## WORK TO BE COMPLETED
Write out only the lines from the line that holds "Nowhere In Existence" to the end of the listing below, inclusive, with the pictures omitted.

## EXERCISE DATA
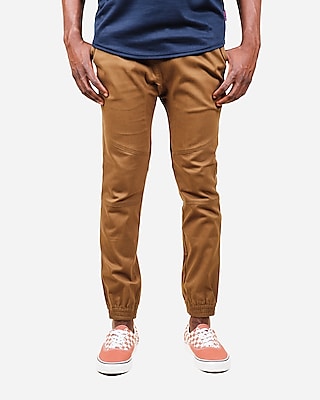 brooklyn cloth twill jogger pants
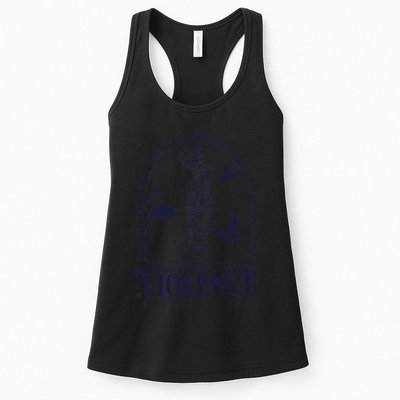 Nowhere In Existence Violence Retro Fantasy Book Dragon Womens Tank Top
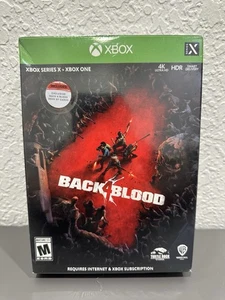 Back 4 Blood for Xbox Series X/Xbox One w/Exclusive Playing Cards - New/Sealed - Picture 1 of 7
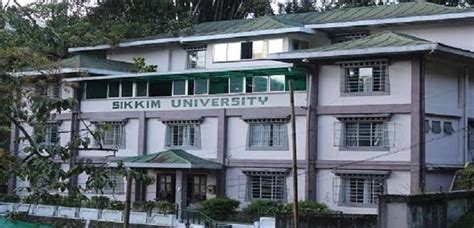 Sikkim University Vice Chancellor reiterates need for permanent campus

## ANSWER
 Nowhere In Existence Violence Retro Fantasy Book Dragon Womens Tank Top
 Back 4 Blood for Xbox Series X/Xbox One w/Exclusive Playing Cards - New/Sealed - Picture 1 of 7
 Sikkim University Vice Chancellor reiterates need for permanent campus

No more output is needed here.